What is being asked
Reproduce exactly, and only, the lines of the material below running from the line bearing "葡萄籽灵芝孢子粉的作用(葡萄籽灵芝孢子粉：健康保护，助力免疫)" through the line bearing "Hoa Property Line". Leave any pictures out.

Data for the task
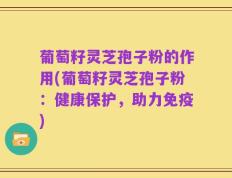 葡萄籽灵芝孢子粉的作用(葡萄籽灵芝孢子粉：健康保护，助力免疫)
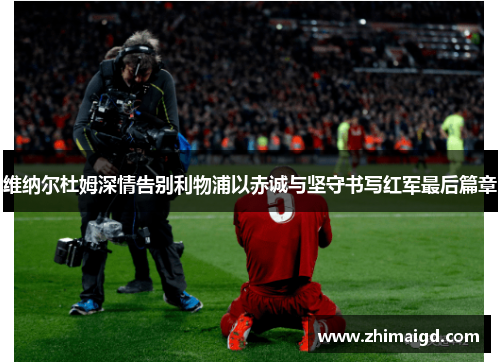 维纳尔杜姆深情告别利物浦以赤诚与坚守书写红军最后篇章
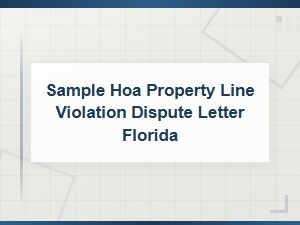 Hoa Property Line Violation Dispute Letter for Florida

==

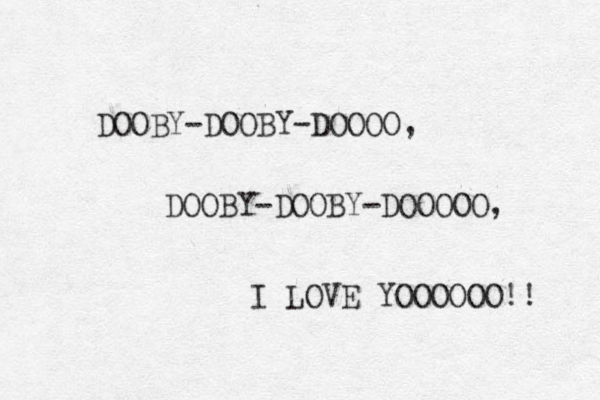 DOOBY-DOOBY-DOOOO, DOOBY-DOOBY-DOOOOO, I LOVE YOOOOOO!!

Your solution
 葡萄籽灵芝孢子粉的作用(葡萄籽灵芝孢子粉：健康保护，助力免疫)
 维纳尔杜姆深情告别利物浦以赤诚与坚守书写红军最后篇章
 Hoa Property Line Violation Dispute Letter for Florida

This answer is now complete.